▸ Task statement
Restate the data below word for word. Leave the images out.

▸ Given material
- Opening Delimiter -
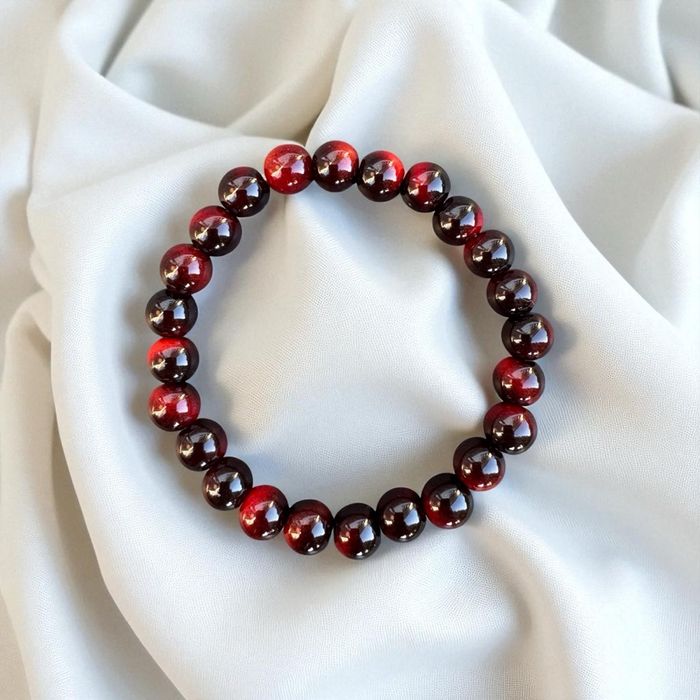 Bracelet en pierre naturelle 8mm – Œil de tigre rouge – Neuf jamais porté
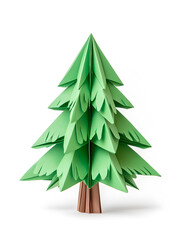 Obraz premium Origami paper Christmas fir tree isolated on white background isolated on white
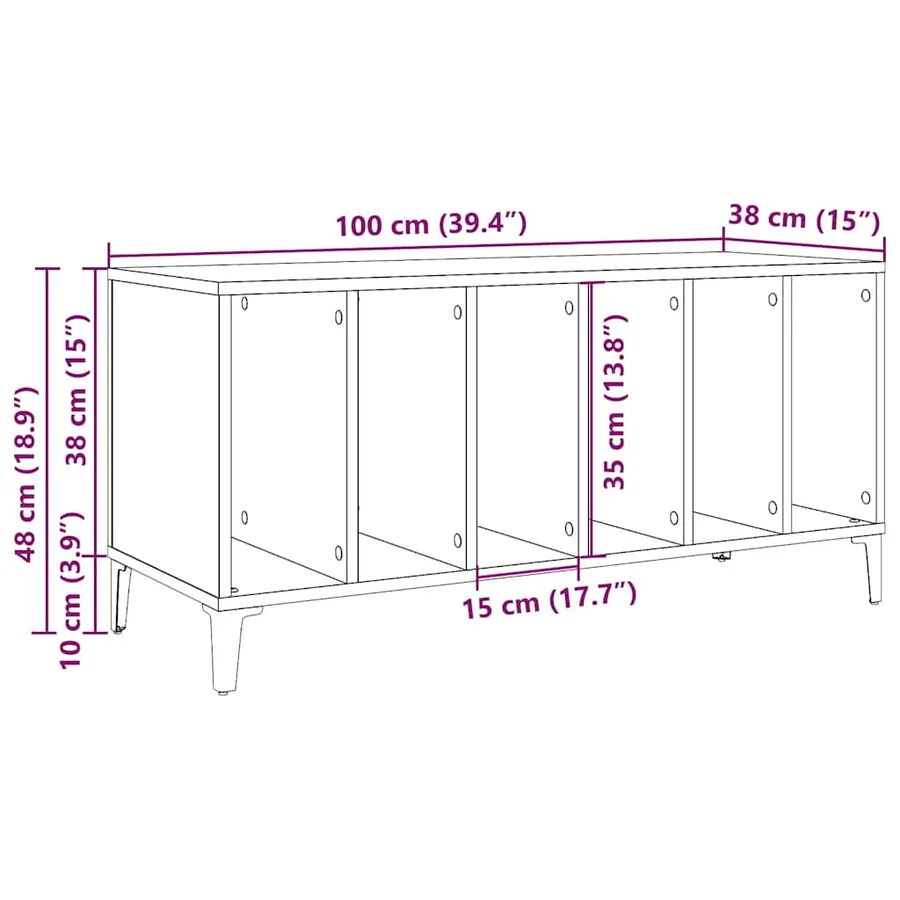 Armoire à disques vieux bois 100x38x48 cm bois d'ingénierie - 9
- Closing Delimiter -
▸ Response box
 Bracelet en pierre naturelle 8mm – Œil de tigre rouge – Neuf jamais porté
 Obraz premium Origami paper Christmas fir tree isolated on white background isolated on white
 Armoire à disques vieux bois 100x38x48 cm bois d'ingénierie - 9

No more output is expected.